Tinha sido mesmo um camelo.
Meter-me assim pelo areal afora julgando que ia ser uma caminhada estimulante. A princípio até foi. Pela beira-mar, pela areia molhada e compacta a caminhada foi fácil. Depois a maré foi subindo, eu cada vez mais longe do ponto de partida, a volta estava a ser penosa, a patinar na areia solta. Nem uma sombra, nem uma gota de água. E em redor não se avistava ninguém nem ao menos uma barraca de pescadores onde pudesse matar a sede. Lá ia arrastando os pés como podia, tentando pensar em coisas agradáveis, para esquecer o tormento que estava a ser a caminhada de regresso.

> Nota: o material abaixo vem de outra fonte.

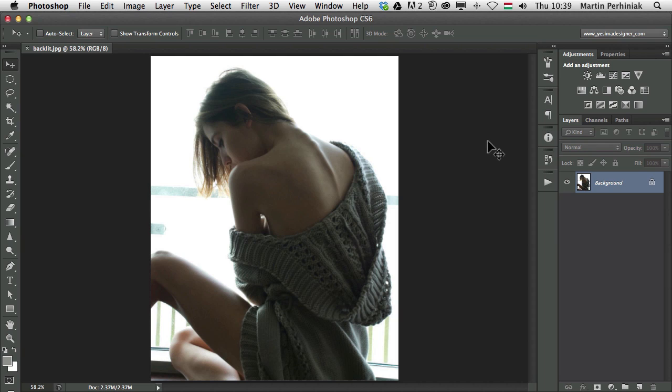Hello and welcome to PSD Tuts+. My name is Martin Pehiniak and today I'm going to show you how to use Mini Bridge in Photoshop.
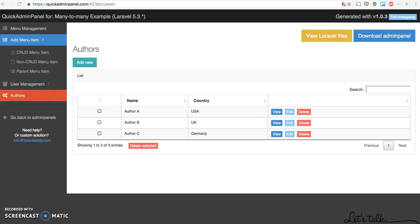Hello guys! Today I want to show you a new function in our quick admin panel called many-to-many relationships and with that multi-select box. Let's begin.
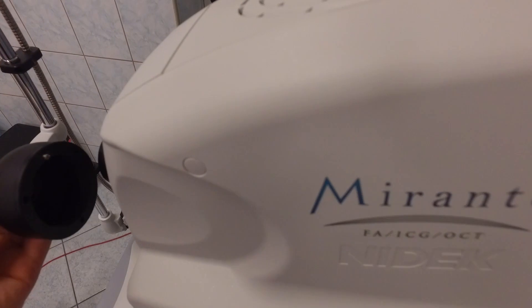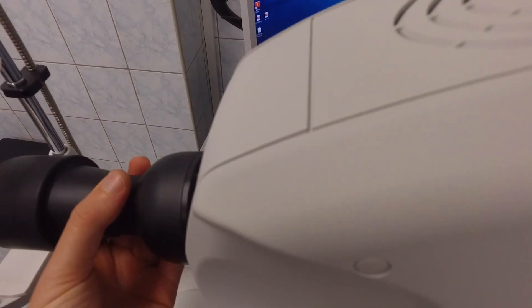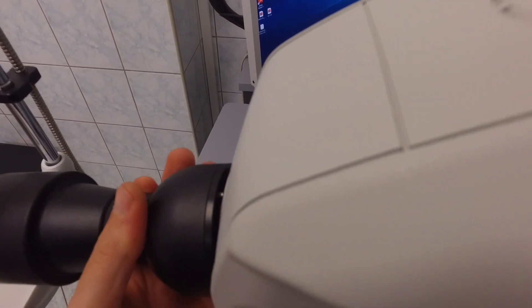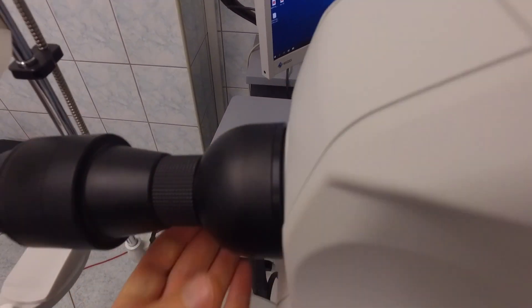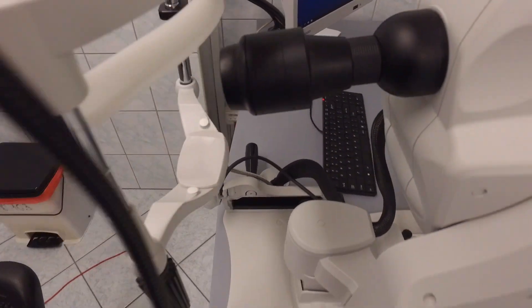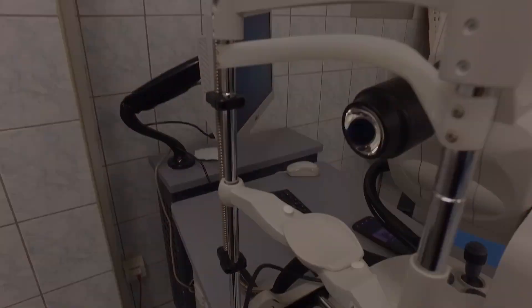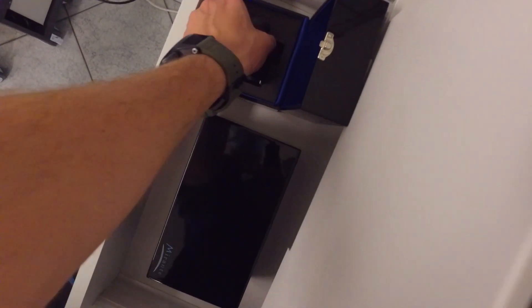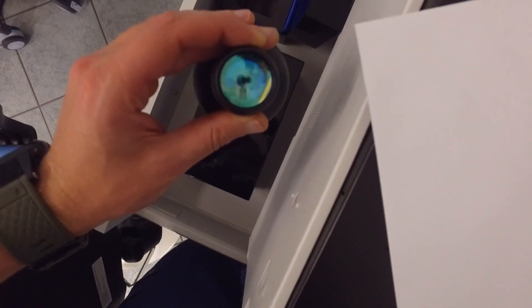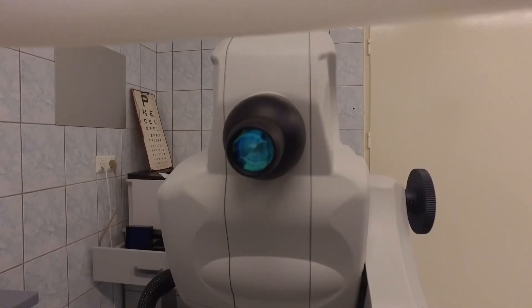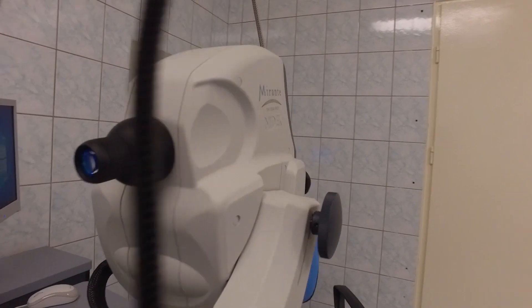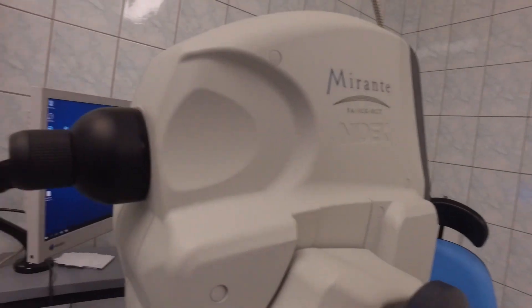There are also two additional add-on lenses. This is the ultra-wide field lens. They all attach to the device using a magnet and there is also a smaller lens used for the anterior segment imaging and it looks like this.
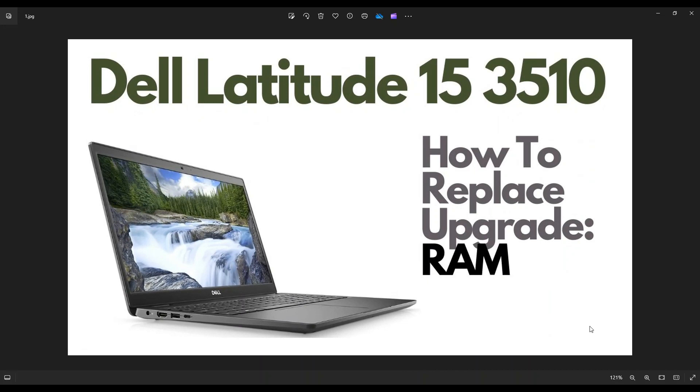Hey guys, my name is Jamin. Thanks so much for visiting my channel. In this video, I have a Dell Latitude 153510 laptop. I'm going to show you how to get inside and access your RAM.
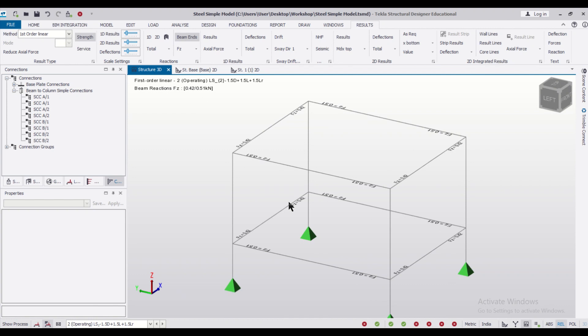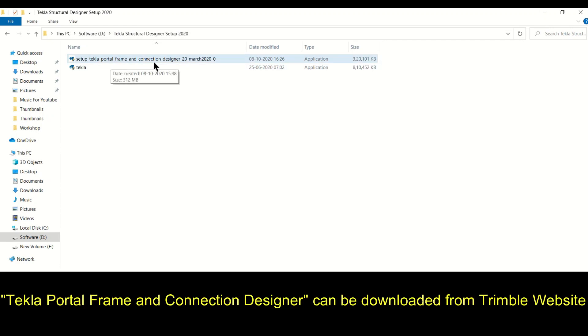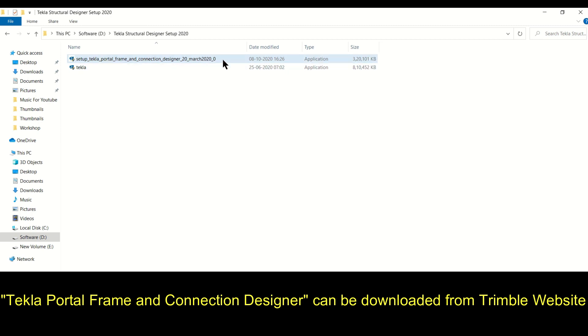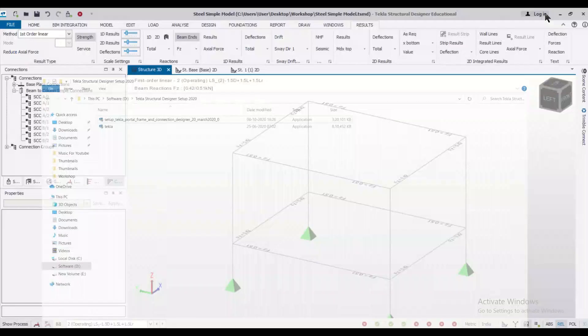Or else there is another method of designing. For that we need to install an app which is called Tecla Portal Frame and Connection Designer. You can get it from the official mail ID from Trimble. If needed you need to purchase that.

Não sei bem por que razão, mas a primeira coisa que pensei foi em sultanas. (Não nas mulheres dos sultões, que ali à torreira não me iam servir de nada. Não iriam? Fica a dúvida…). Primeiro até pensei em passas de uvas, mas depois as grainhas não me agradavam e passei para as sultanas. Essas não têm grainhas. Depois pensei que o açúcar das sultanas ainda me ia fazer mais sede e complicar mais a vida. Depois pensei nas garrafas de água que ainda na véspera tinha ido comprar ao supermercado e que estavam lá em casa à minha espera. Se eu lá chegar…
Exagero! Claro que vou chegar, só que vou sofrer como um camelo. Mais que um camelo certamente, que esses armazenam líquidos para se precaverem. Camelo estava a ser eu. Camelo, burro, vamos a ver se não chego a avestruz e não meto a cabeça debaixo da areia. Aproximo-me do mar e refresco-me um pouco com a água. Foi numa dessas alturas que ouvi umas gargalhadas vindas da água. Uma, duas vezes…
Olhei: com a cabeça fora de água - cabeça azulada com os olhos a brilhar de gozo – vi o Carapau. Por duas vezes aflorou à tona da água, por duas vezes gargalhou. Respondi-lhe como convinha: mandei-o àquela banda. Desapareceu. Deve ter ido mesmo.
Fiquei outra vez sozinho, com a areia, o calor e uns quilómetros pela frente. Continuei a andar e remoer uma vingança: quando chegasse a casa ia inventar qualquer coisa para mandar ao Carapau. Afinal foi ele que me meteu nesta alhada de abrir o blog e de ter de escrever qualquer coisa de vez em quando. Eu a penar, e ele à fresca de volta das navalheiras e à espera da prima, que, ou não lhe liga nada ou fá-lo sofrer. Se eu não tivesse já visto umas fotos dela, por sinal bem sexy, até diria que era uma invenção dele.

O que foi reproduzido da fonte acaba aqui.